### HOW TO COMPLETE THIS TASK
Give back exactly the lines of the material below, starting with the line with "Puede incluir: Dos" and going on through the line with "Stilvoll gefliestes Badezimmer".

--- --- ---

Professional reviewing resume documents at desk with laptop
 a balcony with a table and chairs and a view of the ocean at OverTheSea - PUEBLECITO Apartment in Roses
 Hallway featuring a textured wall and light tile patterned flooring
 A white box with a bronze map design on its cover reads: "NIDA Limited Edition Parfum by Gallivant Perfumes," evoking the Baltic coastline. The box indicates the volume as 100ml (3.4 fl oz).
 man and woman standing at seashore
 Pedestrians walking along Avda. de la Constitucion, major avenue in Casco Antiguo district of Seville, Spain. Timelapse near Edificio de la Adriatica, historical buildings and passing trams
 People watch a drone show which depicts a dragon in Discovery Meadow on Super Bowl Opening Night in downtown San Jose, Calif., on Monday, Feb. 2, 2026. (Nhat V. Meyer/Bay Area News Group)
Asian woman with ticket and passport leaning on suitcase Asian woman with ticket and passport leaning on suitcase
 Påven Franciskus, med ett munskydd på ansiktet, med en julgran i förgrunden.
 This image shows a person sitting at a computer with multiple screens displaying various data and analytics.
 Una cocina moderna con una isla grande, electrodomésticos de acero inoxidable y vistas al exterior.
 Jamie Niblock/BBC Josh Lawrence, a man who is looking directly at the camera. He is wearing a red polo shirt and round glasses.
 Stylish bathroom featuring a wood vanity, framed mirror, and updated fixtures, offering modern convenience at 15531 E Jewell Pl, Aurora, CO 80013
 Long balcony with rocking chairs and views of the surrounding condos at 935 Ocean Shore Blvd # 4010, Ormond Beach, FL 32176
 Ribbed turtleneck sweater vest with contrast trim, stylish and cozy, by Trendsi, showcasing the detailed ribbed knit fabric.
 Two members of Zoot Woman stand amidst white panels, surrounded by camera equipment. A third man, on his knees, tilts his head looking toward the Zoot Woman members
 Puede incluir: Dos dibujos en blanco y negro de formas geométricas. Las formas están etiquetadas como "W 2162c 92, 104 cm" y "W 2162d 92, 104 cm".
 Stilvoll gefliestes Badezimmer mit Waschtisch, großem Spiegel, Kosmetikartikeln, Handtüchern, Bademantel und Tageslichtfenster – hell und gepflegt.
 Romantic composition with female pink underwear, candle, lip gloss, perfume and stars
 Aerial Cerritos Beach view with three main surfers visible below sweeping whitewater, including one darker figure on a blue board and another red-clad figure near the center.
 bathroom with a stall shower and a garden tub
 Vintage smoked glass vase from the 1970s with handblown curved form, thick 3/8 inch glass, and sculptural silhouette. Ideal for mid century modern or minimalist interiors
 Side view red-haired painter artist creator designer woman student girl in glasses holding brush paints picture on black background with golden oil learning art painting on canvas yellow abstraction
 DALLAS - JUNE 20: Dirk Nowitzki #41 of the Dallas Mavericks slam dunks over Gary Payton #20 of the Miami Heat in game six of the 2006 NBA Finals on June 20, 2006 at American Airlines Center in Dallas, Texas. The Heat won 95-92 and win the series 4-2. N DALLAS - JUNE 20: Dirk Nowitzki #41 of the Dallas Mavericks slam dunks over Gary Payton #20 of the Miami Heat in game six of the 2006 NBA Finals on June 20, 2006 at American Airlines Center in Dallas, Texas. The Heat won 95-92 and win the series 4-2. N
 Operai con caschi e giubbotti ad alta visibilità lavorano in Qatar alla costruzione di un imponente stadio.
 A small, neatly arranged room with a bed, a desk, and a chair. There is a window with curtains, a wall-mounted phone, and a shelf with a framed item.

--- --- ---

### EXERCISE OUTPUT
 Puede incluir: Dos dibujos en blanco y negro de formas geométricas. Las formas están etiquetadas como "W 2162c 92, 104 cm" y "W 2162d 92, 104 cm".
 Stilvoll gefliestes Badezimmer mit Waschtisch, großem Spiegel, Kosmetikartikeln, Handtüchern, Bademantel und Tageslichtfenster – hell und gepflegt.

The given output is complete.